Collection entries:
BEGIN

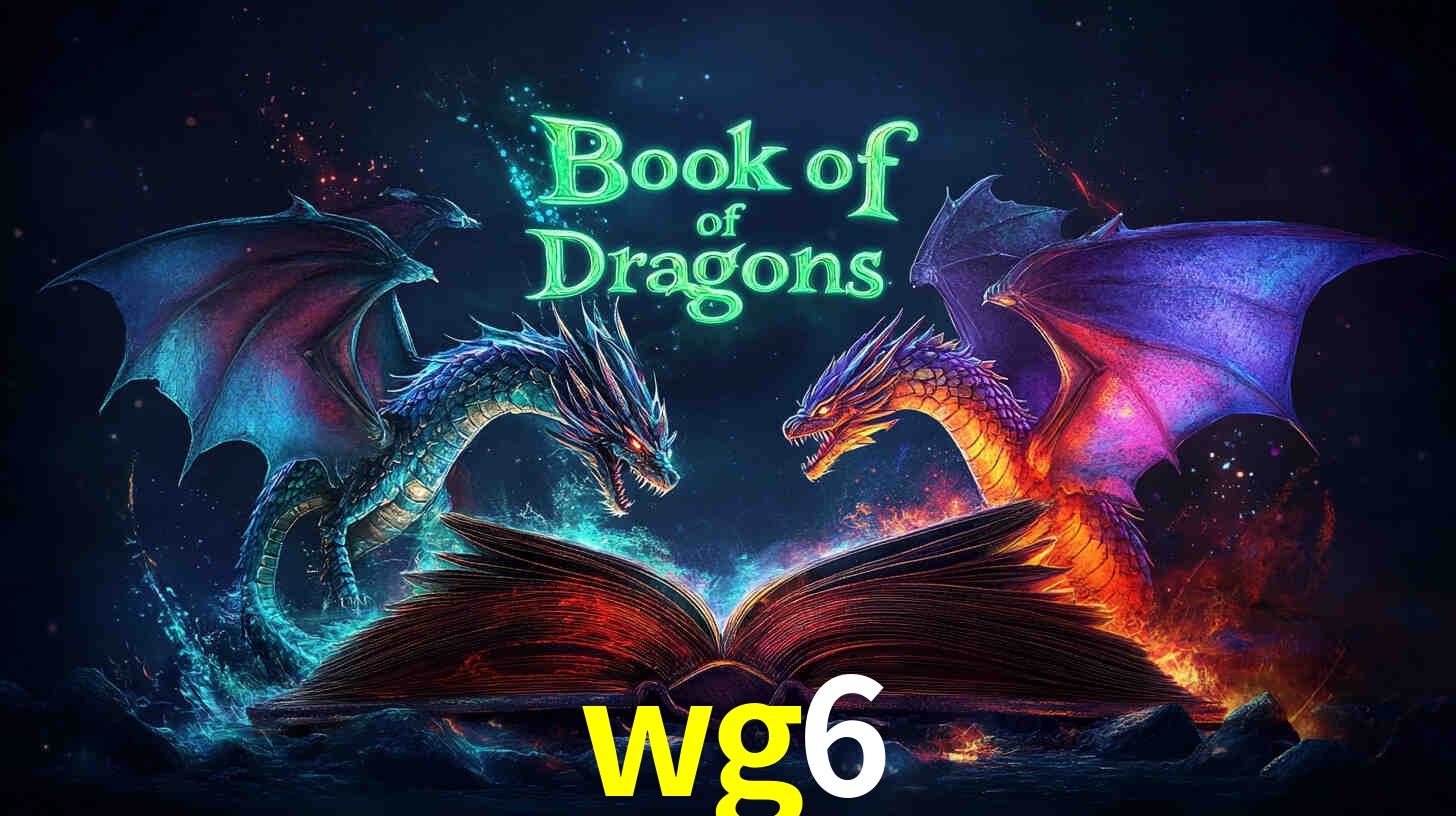 Baixar wg6 Android
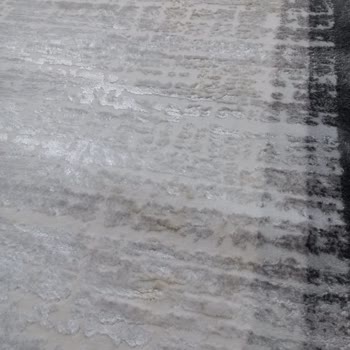 Apex Halı Halıya Çay Döküldü Ve Lekesi Çıkmıyor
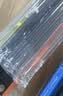 彩格PD-201硒鼓适用奔图PANTUM P2200 P2500W M6550 M6600 M6600 P2500 系列打印机硒鼓M6500硒鼓pd201硒鼓粉盒 实拍图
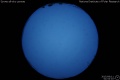 2015/9/11 01:52’10”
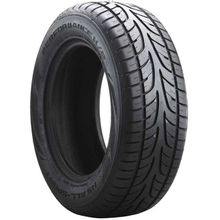 Nankang 285/60 R18 116H N-890 Yaz Lastiği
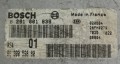 5075611184_1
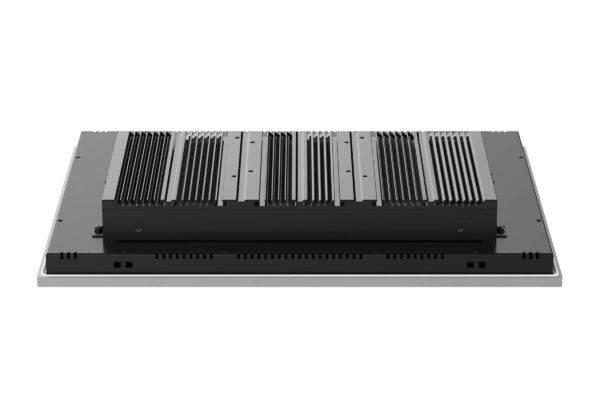 Rugged Industrial Panel PC TPC-DCM&DRM Series - Image 5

END

* **Work instruction**
Write out nothing but the lines from the one with "彩格PD-201硒鼓适用奔图PANTUM P2200 P2500W" through the last line of the entries, exactly as they stand; pictures are not part of the copy.

* **Reply**
 彩格PD-201硒鼓适用奔图PANTUM P2200 P2500W M6550 M6600 M6600 P2500 系列打印机硒鼓M6500硒鼓pd201硒鼓粉盒 实拍图
 2015/9/11 01:52’10”
 Nankang 285/60 R18 116H N-890 Yaz Lastiği
 5075611184_1
 Rugged Industrial Panel PC TPC-DCM&DRM Series - Image 5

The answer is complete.